Economics & Finance
• 5 minute read
Opening the Black Box of Analyst Forecasts
CUHK researchers develop a new approach of identifying analyst topic-specific skills that causally affect forecast accuracy
By Jaymee Ng, Principal Writer, China Business Knowledge@CUHK
What separates a great analyst from those who are merely good? The most common measurement of analyst skill is to look at how accurate their forecasts are. But judging the expertise of an analyst purely based on their forecast outcomes can be biased. An accurate forecast can just as easily be the result of good luck. In light of this, a group of researchers, including at The Chinese University of Hong Kong (CUHK), took it upon themselves to design a new method of identifying analyst topic-specific skills and decode the black box of analyst forecasts.
“Observing outcomes can be like looking at a black box. You can observe success, but you don’t really know which skill they have employed and how much luck is involved.” – Prof. Cen Ling
The study What Do Questions Reveal? Analyst Topic-Specific Skill and Forecast Accuracy was co-conducted by Cen Ling, Associate Professor of Finance, and PhD student Han Yanru, both at The Chinese University of Hong Kong (CUHK) Business School, as well as Prof. Jarrad Harford at the University of Washington. This study looks at earnings conference calls and how analysts phrase their questions to determine whether they have topic-specific skills. It shows that, when they are dealing with new information that are associated with topics in their expertise, these analysts are likely to make more accurate forecasts than their peers.
“Observing outcomes can be like looking at a black box. You can observe success, but you don’t really know which skill they have employed and how much luck is involved. People tend to look at outcomes and make a strong inference to skill,” Prof. Cen says. “What we did in the study is to come up with a different approach to identify the type of skills involved in the decision-making process and to avoid outcome-based bias in judging people’s skills.”

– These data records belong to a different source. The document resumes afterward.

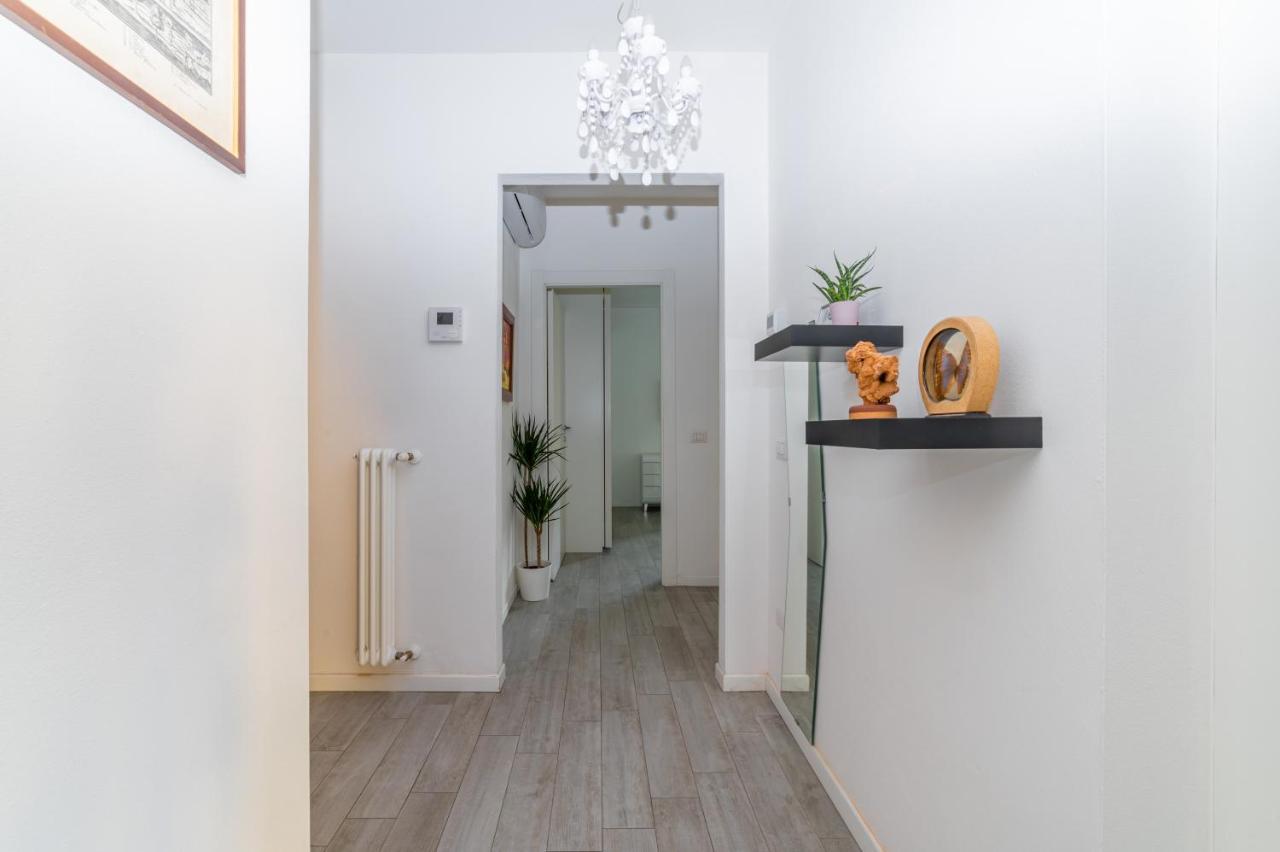 Parma Residential Apartment Con Balcone 外观 照片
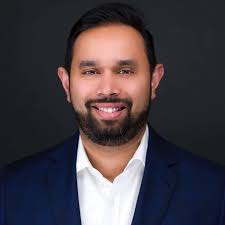 Vision to Value: Jones Jaick's Journey Leading Pharma's Digital Evolution  in Medical Affairs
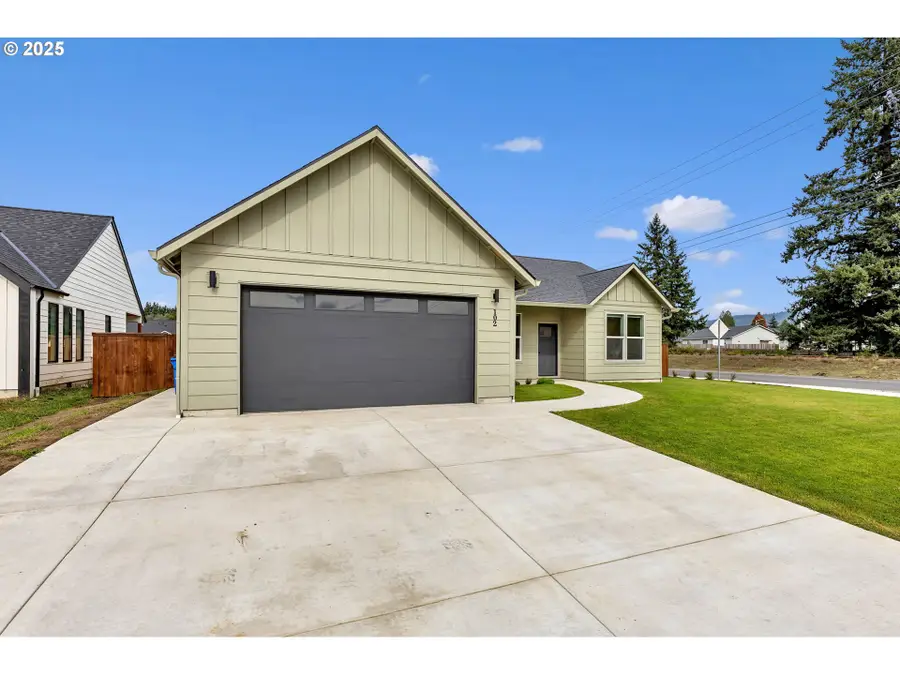 102 W Oak St, Yacolt, WA 98675 - Image #3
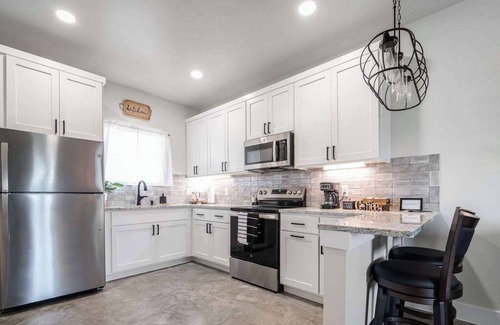 Fredericksburg House | Quiet Casita with Hot Tub six Min from Downtown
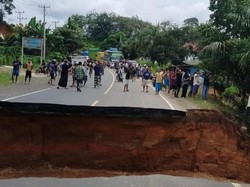 BPJN Pakai Jembatan Bailey Atasi Jalan Putus Penghubung Jambi-Sumbar di Bungo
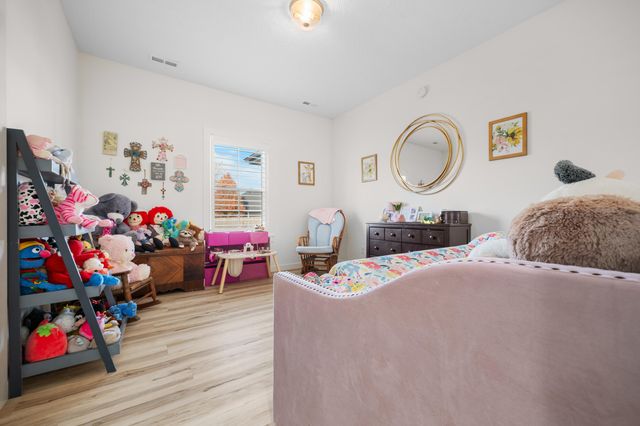 1481 W Jones Street, Bolivar, MO 65613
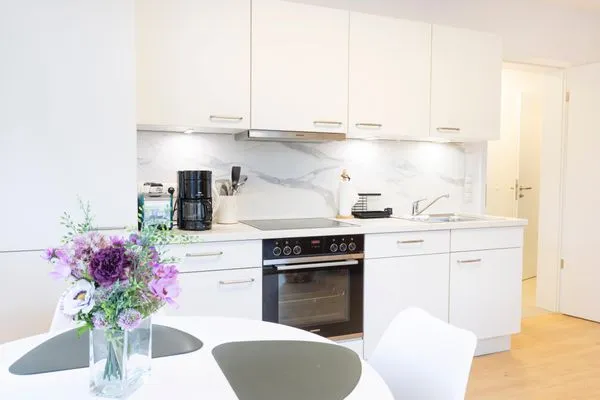 Küche / Küchenzeile  (MEI11) Ferienwohnung "Küstenlodge"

Identifying Expert Analysts
The researchers tested their hypothesis on the specific but important topic of supply chain. Using data from earnings conference calls of all U.S.-listed companies, they identified supply-chain expert analysts and examine whether their forecasts were more accurate than peers when the firms they covered experienced significant supply-chain-related structural shocks. To identify supply-chain expert analysts, they looked at whether the questions an analyst raises in all earnings conference calls are associated with special supply-chain terminology such as “customer”, “supplier”, “vertical integration”, “trade credit”, and “OEM”. Very intuitively, analysts who raised the highest number of supply chain-related questions in past conference calls were identified as supply-chain expert analysts.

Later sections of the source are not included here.